### REQUIRED WORK
Repeat, exactly as written, the line with "Giay New Balance" and every line that follows it in the material below, ending with the last.

[DATA RECORDS Boundary: Start]

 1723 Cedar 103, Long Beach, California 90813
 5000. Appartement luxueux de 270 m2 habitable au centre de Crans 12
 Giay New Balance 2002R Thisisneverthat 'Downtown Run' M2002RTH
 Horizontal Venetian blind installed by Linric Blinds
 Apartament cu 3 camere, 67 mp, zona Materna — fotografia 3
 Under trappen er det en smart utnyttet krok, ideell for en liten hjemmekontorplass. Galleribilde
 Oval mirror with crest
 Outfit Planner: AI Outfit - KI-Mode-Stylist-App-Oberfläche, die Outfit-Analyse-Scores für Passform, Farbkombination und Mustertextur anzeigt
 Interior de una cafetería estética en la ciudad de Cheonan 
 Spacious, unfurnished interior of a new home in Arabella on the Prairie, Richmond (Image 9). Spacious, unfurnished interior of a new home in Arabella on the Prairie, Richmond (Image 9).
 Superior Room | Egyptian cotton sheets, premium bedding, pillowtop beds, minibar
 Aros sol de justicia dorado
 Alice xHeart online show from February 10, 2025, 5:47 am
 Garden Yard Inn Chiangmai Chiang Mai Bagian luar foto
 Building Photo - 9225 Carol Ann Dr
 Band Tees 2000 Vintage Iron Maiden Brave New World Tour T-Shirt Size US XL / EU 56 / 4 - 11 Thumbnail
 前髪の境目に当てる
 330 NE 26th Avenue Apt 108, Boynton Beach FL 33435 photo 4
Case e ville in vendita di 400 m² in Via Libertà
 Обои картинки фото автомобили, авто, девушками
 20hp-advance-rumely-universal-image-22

[DATA RECORDS Boundary: End]

### SOLVED EXERCISE
 Giay New Balance 2002R Thisisneverthat 'Downtown Run' M2002RTH
 Horizontal Venetian blind installed by Linric Blinds
 Apartament cu 3 camere, 67 mp, zona Materna — fotografia 3
 Under trappen er det en smart utnyttet krok, ideell for en liten hjemmekontorplass. Galleribilde
 Oval mirror with crest
 Outfit Planner: AI Outfit - KI-Mode-Stylist-App-Oberfläche, die Outfit-Analyse-Scores für Passform, Farbkombination und Mustertextur anzeigt
 Interior de una cafetería estética en la ciudad de Cheonan 
 Spacious, unfurnished interior of a new home in Arabella on the Prairie, Richmond (Image 9). Spacious, unfurnished interior of a new home in Arabella on the Prairie, Richmond (Image 9).
 Superior Room | Egyptian cotton sheets, premium bedding, pillowtop beds, minibar
 Aros sol de justicia dorado
 Alice xHeart online show from February 10, 2025, 5:47 am
 Garden Yard Inn Chiangmai Chiang Mai Bagian luar foto
 Building Photo - 9225 Carol Ann Dr
 Band Tees 2000 Vintage Iron Maiden Brave New World Tour T-Shirt Size US XL / EU 56 / 4 - 11 Thumbnail
 前髪の境目に当てる
 330 NE 26th Avenue Apt 108, Boynton Beach FL 33435 photo 4
Case e ville in vendita di 400 m² in Via Libertà
 Обои картинки фото автомобили, авто, девушками
 20hp-advance-rumely-universal-image-22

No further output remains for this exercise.